■ Task directions
Skip the pictures and write out, word for word, the lines below from the one with "Engage L'amante Aqua" through the one with "Village Candle Black", inclusive.

Crawled caption data
====================

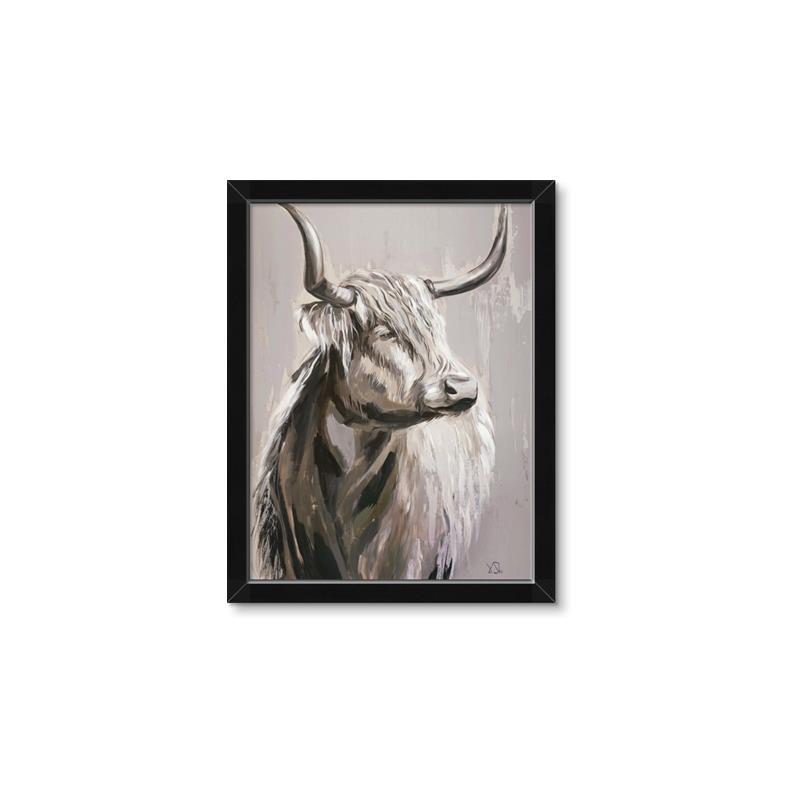 Picture of Harry the Highland _GroupedProduct_Rectangle_Portrait_Framed_Matted_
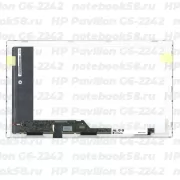 Матрица для ноутбука HP Pavilion G6-2242 (1366x768 HD) TN, 40pin, Матовая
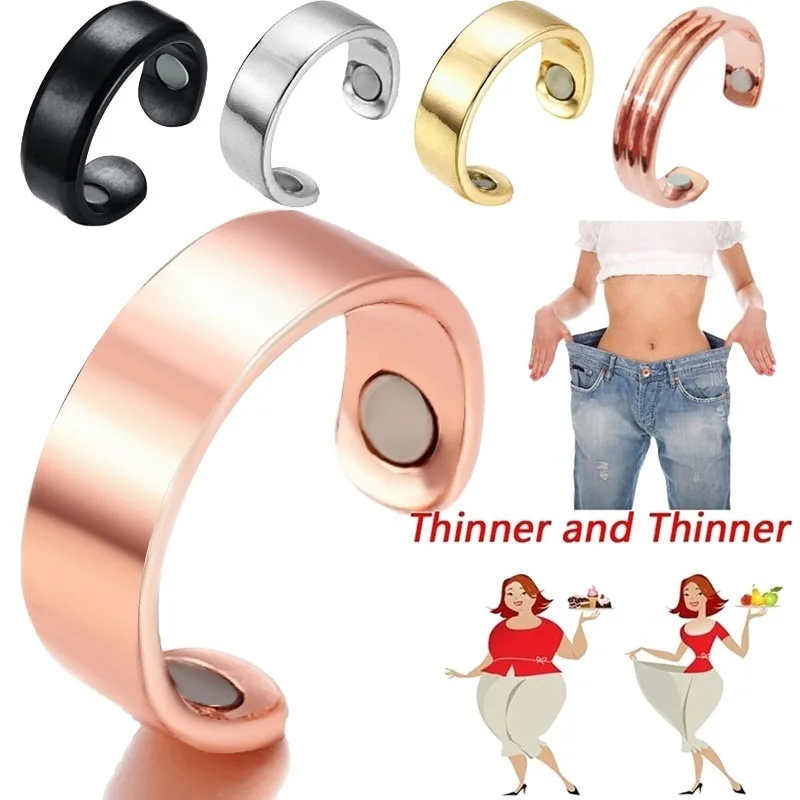 New Popular Resizeable Magnetic Slimming Rings Weight Lose Health Care Jewelry Health Opening Ring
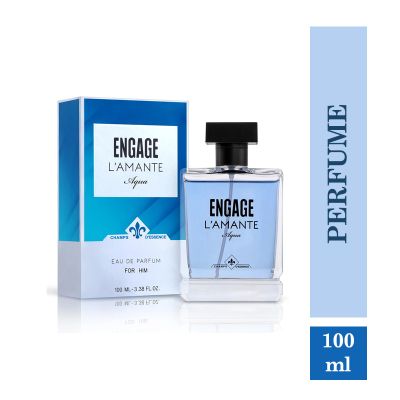 Engage L'amante Aqua Eau De Parfum for Men, Aqua, Long Lasting and Premium, Skin Friendly
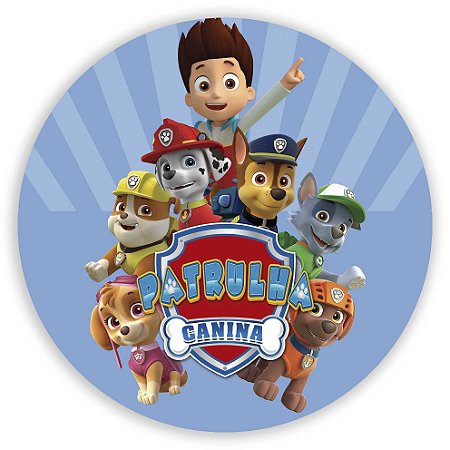 Mini Painel - Patrulha Canina - Sublimado 3D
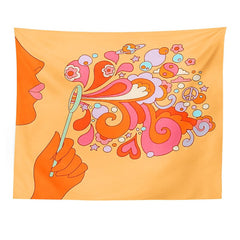 Indie World Soap Bubbles Tapestry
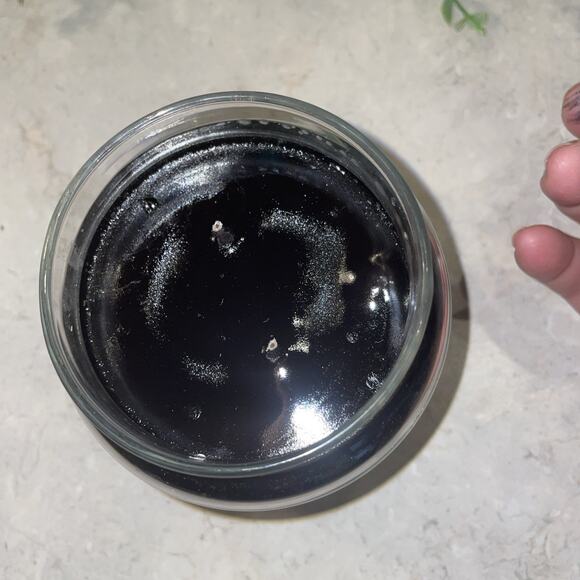 Village Candle Black Bamboo Med Glass Apothecary Jar Scented Candle, 14oz USA - Picture 4 of 4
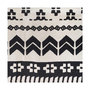 Voir la diapositive 2 : ATMOSPHERA Tapis Déco à Franges  Pailo  120x170cm Noir & Blanc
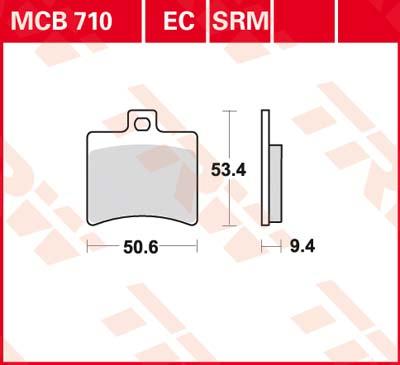 TRW Remblokken, en remschoenen voor de moto, MCB710SRM Sinter maxi scooter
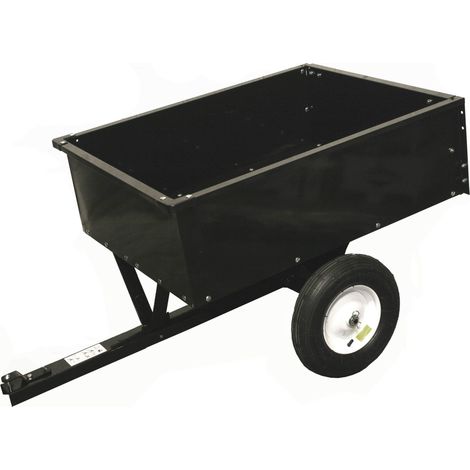 103 x 78 x 32 cm ausziehbarer Rasentraktorwagen aus Metall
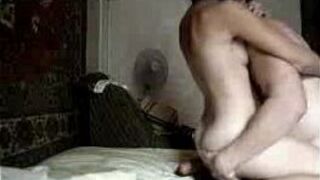 Sexy cheating wife in bed making a sextape with hubby porn video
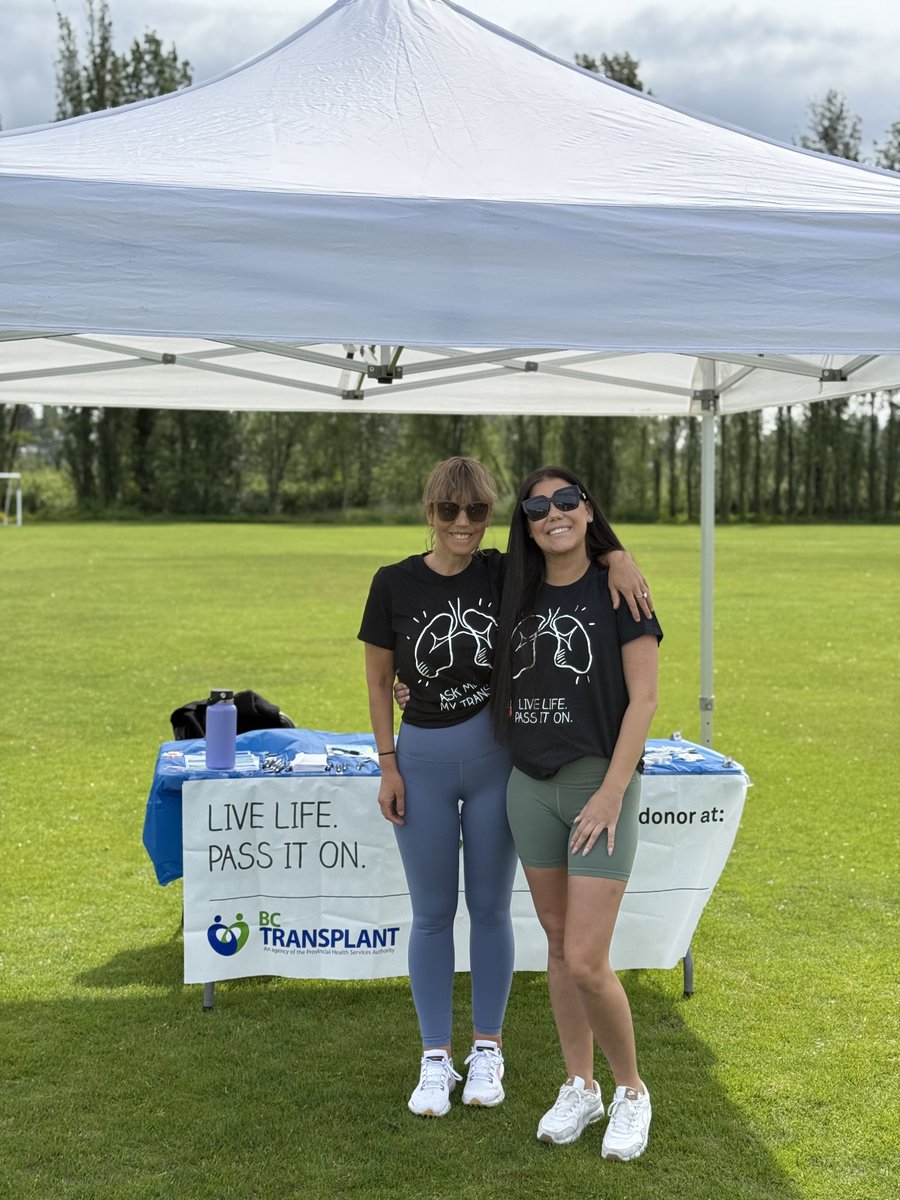 BC Transplant was invited to attend The Walk to Make Cystic Fibrosis History in Vancouver in May. We were represented by two incredible volunteers: Erica, a double-lung recipient, and Miranda, a kidney and two-time double-lung recipient. Thank you to both for representing BCT!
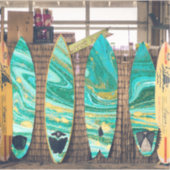 サーフボード シール (正面)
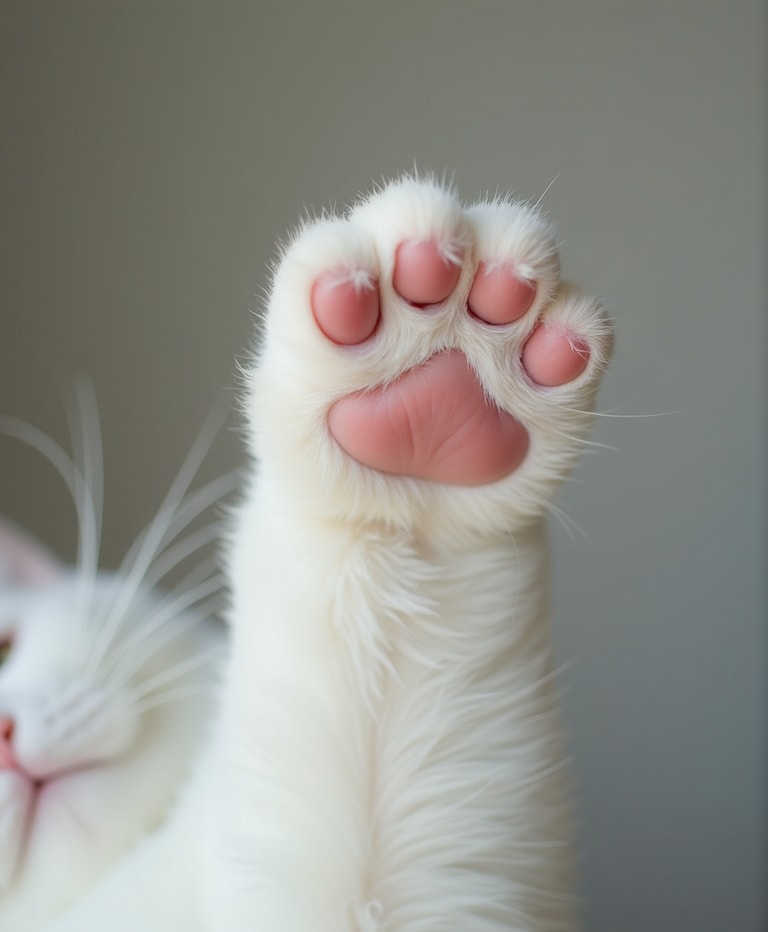 Reaching Out: A Cat's Paw in Focus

====================

■ Output for this task
 Engage L'amante Aqua Eau De Parfum for Men, Aqua, Long Lasting and Premium, Skin Friendly
 Mini Painel - Patrulha Canina - Sublimado 3D
 Indie World Soap Bubbles Tapestry
 Village Candle Black Bamboo Med Glass Apothecary Jar Scented Candle, 14oz USA - Picture 4 of 4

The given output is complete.